French fine dining establishment Épure welcomed Chef Yusuke Takada from two Michelin star La Cime for a special pop-up event last weekend. For three nights, the Osaka-based chef devised an eight-course extravaganza designed to challenge preconceptions of French-Japanese cuisine.
Where most high-end restaurants plate dishes to show off whatever delicacy is on offer, Chef Takada’s creative offerings were more akin to a game of culinary hide-and-seek.
His Sea Urchin, Crab, Kobucha, Yuba was a prime example. Much like an iceberg, the layers of crab and yuba (tofu skin) were submerged under a kombucha-flavoured foam leaving just the sea urchin to peak through the top. The complexity of this multilayered appetiser was only revealed with the first bite.
Ditto the La Royale Oyster, Endive, Mojama, covered in a coating of surprisingly subtle goat cheese and walnut shavings, the Crevettes, a reinterpretation of prawn sushi using glutinous rice and hidden under a layer of amaranth leaves, and the beautifully plated Blue Lobster, cocooned in purple lettuce leaves and served with kumquats and squash.
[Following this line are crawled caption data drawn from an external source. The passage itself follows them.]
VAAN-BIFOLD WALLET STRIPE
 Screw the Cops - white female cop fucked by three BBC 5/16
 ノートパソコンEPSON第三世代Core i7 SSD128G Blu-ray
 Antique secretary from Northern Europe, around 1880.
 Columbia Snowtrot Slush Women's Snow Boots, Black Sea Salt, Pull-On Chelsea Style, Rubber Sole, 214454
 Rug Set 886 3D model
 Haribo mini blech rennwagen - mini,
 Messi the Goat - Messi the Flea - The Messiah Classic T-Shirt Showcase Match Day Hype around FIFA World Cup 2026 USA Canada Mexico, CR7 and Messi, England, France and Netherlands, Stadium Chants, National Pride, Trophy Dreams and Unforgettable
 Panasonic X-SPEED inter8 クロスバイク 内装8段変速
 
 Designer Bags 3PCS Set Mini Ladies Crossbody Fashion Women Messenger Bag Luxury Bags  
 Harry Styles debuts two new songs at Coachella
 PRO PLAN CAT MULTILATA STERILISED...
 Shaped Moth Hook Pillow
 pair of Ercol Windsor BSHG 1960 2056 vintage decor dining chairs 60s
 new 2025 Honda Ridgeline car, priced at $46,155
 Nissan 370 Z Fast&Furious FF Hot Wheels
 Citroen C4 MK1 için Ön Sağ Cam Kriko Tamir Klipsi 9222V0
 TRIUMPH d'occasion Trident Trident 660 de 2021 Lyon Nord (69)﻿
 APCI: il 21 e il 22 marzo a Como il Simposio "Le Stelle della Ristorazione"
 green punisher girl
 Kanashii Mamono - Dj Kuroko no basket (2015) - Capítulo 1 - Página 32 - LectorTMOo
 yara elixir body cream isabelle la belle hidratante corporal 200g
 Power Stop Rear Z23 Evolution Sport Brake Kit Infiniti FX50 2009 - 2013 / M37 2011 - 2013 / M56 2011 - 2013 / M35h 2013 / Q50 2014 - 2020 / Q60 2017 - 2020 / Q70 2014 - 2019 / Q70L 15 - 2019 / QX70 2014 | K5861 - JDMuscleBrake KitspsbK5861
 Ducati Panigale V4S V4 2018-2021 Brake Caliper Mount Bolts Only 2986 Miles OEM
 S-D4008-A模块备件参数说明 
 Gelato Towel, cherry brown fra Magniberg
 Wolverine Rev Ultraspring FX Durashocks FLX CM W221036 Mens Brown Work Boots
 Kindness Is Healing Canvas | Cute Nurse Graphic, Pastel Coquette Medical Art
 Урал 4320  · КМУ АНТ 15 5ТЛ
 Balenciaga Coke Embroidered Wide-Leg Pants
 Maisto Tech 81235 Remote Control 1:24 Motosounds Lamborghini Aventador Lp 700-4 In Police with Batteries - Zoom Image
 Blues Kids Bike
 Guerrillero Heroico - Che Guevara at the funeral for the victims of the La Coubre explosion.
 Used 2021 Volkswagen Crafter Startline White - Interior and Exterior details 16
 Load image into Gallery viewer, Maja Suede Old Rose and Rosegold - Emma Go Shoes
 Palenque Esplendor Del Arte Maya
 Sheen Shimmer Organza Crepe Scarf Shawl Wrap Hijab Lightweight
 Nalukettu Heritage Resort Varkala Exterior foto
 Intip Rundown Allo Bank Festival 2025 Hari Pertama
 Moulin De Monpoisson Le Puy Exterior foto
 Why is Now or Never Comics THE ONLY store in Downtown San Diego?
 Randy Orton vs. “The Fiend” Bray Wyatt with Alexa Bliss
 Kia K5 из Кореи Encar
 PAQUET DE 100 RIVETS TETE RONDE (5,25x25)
The main fish and meat courses were a more straightforward affair. The former was an Amadai fish steak topped with cockles and Jerusalem artichoke slices. The latter featured perfectly marbled melt-in-your-mouth A3 Kagoshima Wagyu Beef accompanied by taro and bresaola.
But lest anyone’s taste buds got too comfortable with conventional flavours, Chef Takada whipped up some truly eyebrow-raising desserts. The milder of the two was a blue cheese and caramel blend sandwiched by succulent pear slices. But the true stunner was the rather dubiously named Chestnut, Beer, Malt, featuring Guiness beer and malt whipped to a custard-like consistency paired with a whole chocolate-covered chestnut.
Chef Yusuke Takada showcased his legendary skills and creative culinary genius with his Épure tasting menu. Each course had hidden depths, both literally and figuratively, and featured non-traditional interplay of textures and flavours designed to challenge diners’ preconceived notions on French-Japanese cuisine. It comes as no surprise, then, that the three-day event at Épure sold out two months in advance.